Brady threw for 287 yards in his record 23rd career playoff win, but completed only 18 of 38 passes (his 47.4 completion percentage was a career low in the postseason) and matched his regular-season total with two interceptions.
“Just very inconsistent for us all the way around,’’ said Brady. “We just didn’t do enough in any area . . . We just didn’t do a great job executing. The turnovers hurt us . . . We’re going to have to play better than we did tonight on offense.’’
“A lot of mistakes,’’ echoed Belichick. “We threw the ball right to them. We fumbled it. We have to do better than that.’’
This game certainly was not as easy as the final score makes it seem. With less than a minute to go in the first half, the prohibitively-favored Patriots led by a single point. Frozen Foxboro folk were forced to stay in their seats and social media buzzed with the crazy notion that we might be watching the Revenge of the Tomato Cans. It was still a one-score game early in the fourth, but gradually, the Pats restored order to the Foxboro Football Universe. Brock Osweiler proved to be predictably beatable and the Patriots tacked on a couple of late scores to assure victory and cover the whopping pointspread (16).
New England becomes the first team in NFL history to play in six consecutive conference championships bouts. A date on the Super Bowl stage with commissioner Roger Goodell has been the Patriots’ singular goal since the Commish punished and embarrassed Brady and the intransigent Pats brass in the Deflategate debacle that started two years ago this month. Belichick and Brady break a record every time they win a playoff game in 2017, but nothing short of another Lombardi Trophy will fulfill the mission statement of this Patriot team.
They were lucky to draw Houston in their playoff opener.

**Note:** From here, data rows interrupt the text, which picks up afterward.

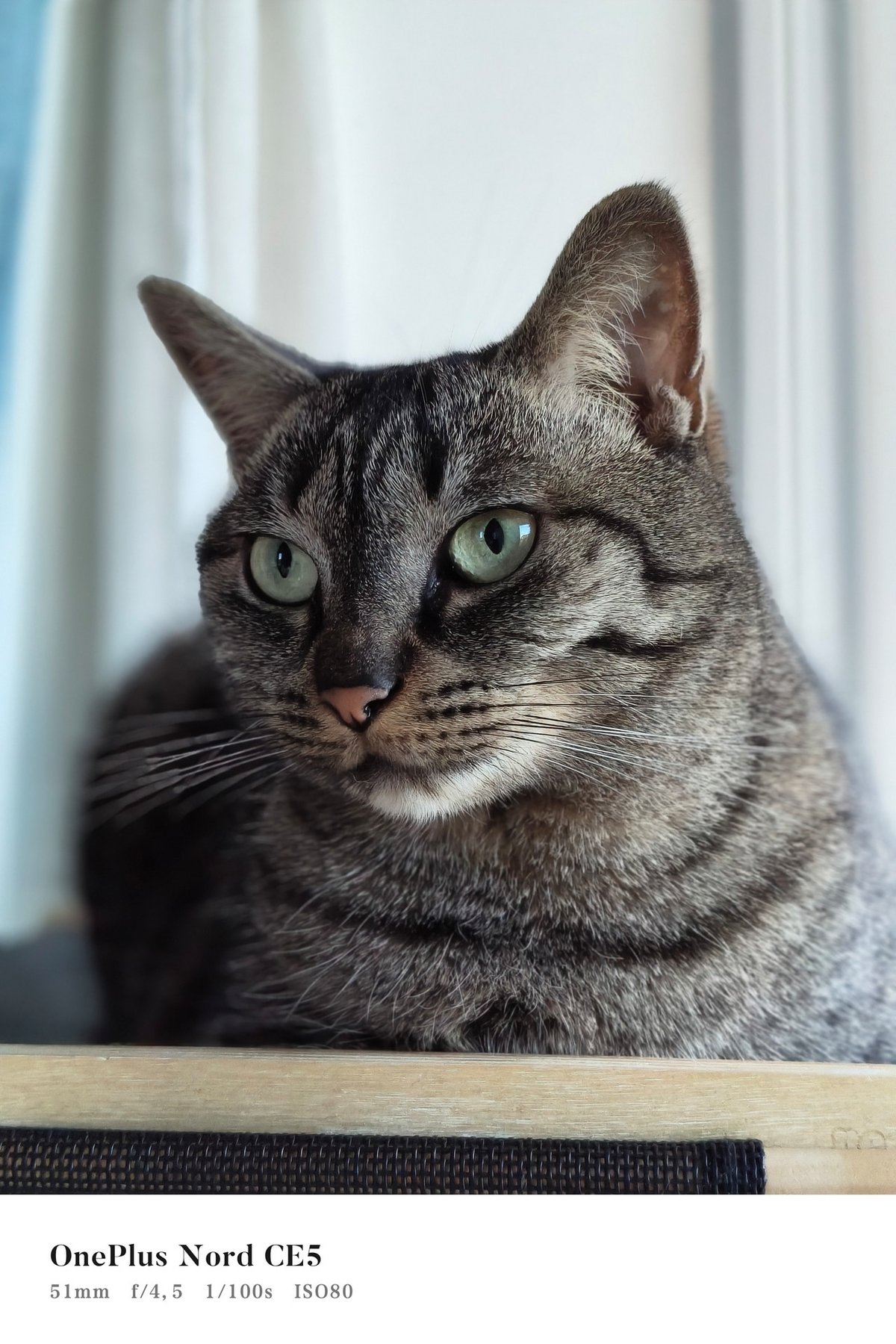 test oneplus nord ce5 portrait
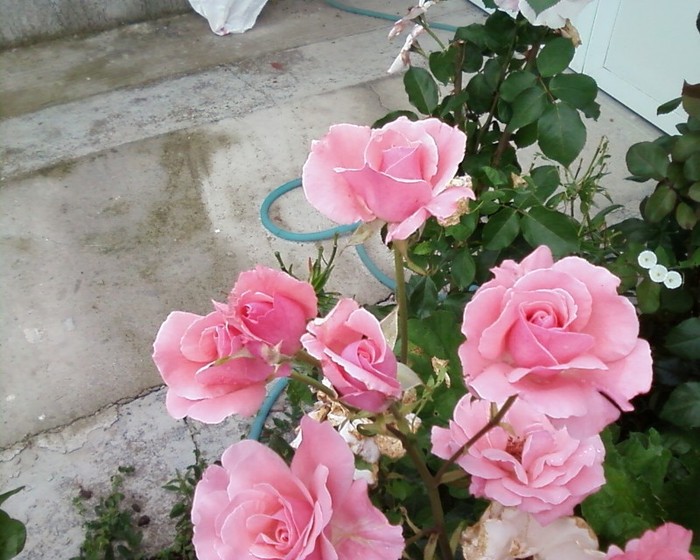 Fotografie-0437 - trandafiri gradina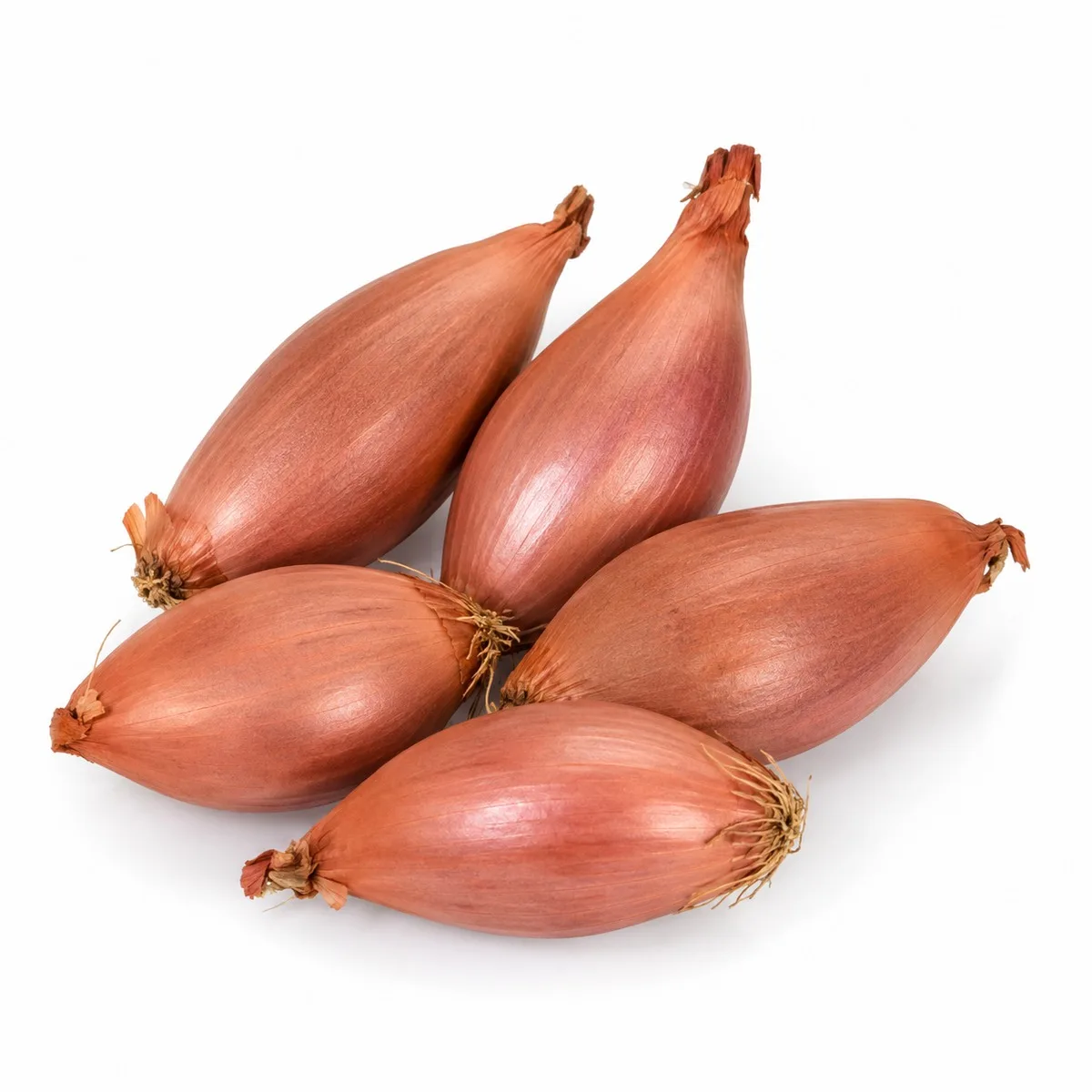 Schalottenlök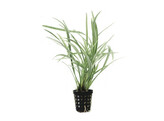 Ophiopogon variegata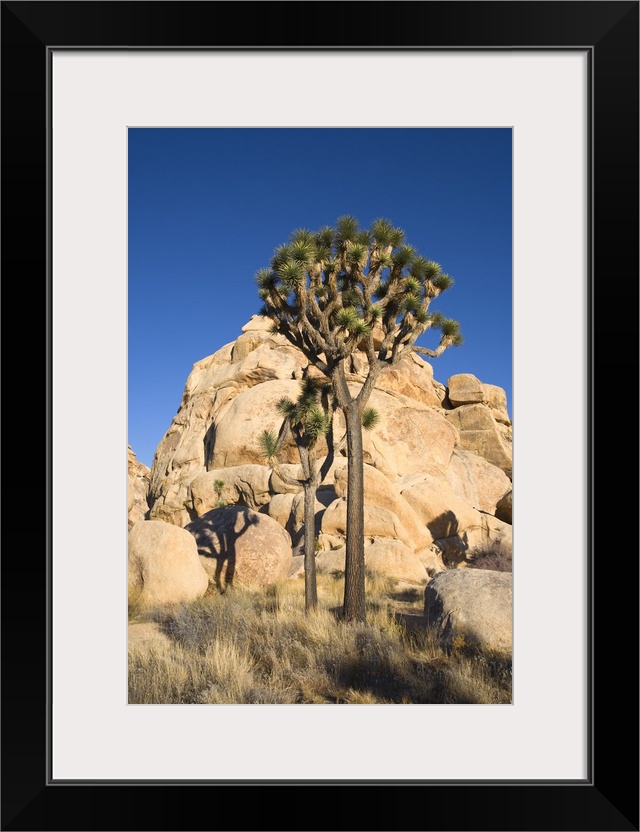 Low-Angle View Of Joshua Tree In Front Of Cliff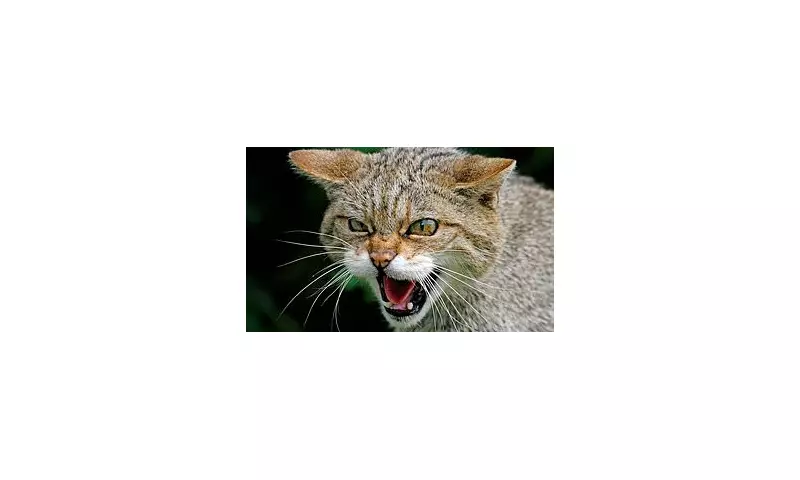 Lynx Reintroduction Push Continues in Scottish Highlands Despite Government Opposition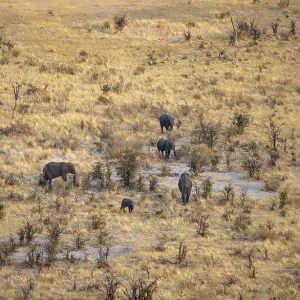 Small herd of elephants in dry savanna with yellow grass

The Texans were quite likely the most disrespected playoff team in the history of North American professional sports. In 2017, it’s popular for teams to claim, “Nobody gave us a chance,’’ but if any of the Texans said this on Saturday, they would have actually been telling the truth. Nobody gave Houston a chance. Nobody. And for good reason. New England outscored Houston by an aggregate 150-49 in the last four meetings at Gillette.
It was a frosty 28 degrees at kickoff. The Patriots burst to a 7-0 lead in the sixth minute on a 13-yard catch-and-run by Dion Lewis (three touchdowns). The “drive’’ covered 65 yards in two plays and took all of 43 seconds. Degree of difficulty: a Blutarsky-esque 0.00.
After a field goal by the Texans, Lewis made it 14-3 with an electric 98-yard kickoff return. It was the first kickoff return TD in Patriots playoff history.
The rest of the first half was largely a disaster for the Patriots. A Brady interception and a Lewis fumble enabled the Texans to cut the lead to 17-13 at halftime.
Ordered was restored to the Patriot universe early in the third when Brady floated a 19-yard TD pass to James White to finish a 90-yard drive and make it 24-13.
The momentum did not stick. Brady was intercepted for a second time in the final minute of the third quarter as a restless Nation wondered what in the name of Mike Holovak was going on. Houston converted the turnover into a 46-yard field goal, cutting the Pats’ lead to 24-16 in the first minute of the fourth quarter.
It did not stay a one-score game for long. The Pats took charge over the final 14 minutes. But nobody felt great when it was over.
“I think we’ve just got to learn from it,’’ said Brady. “It doesn’t feel great. We have to fix the things we did tonight and try to play better next weekend.’’
Wonder if Goodell makes the trip down Route 1 for the AFC Championship game?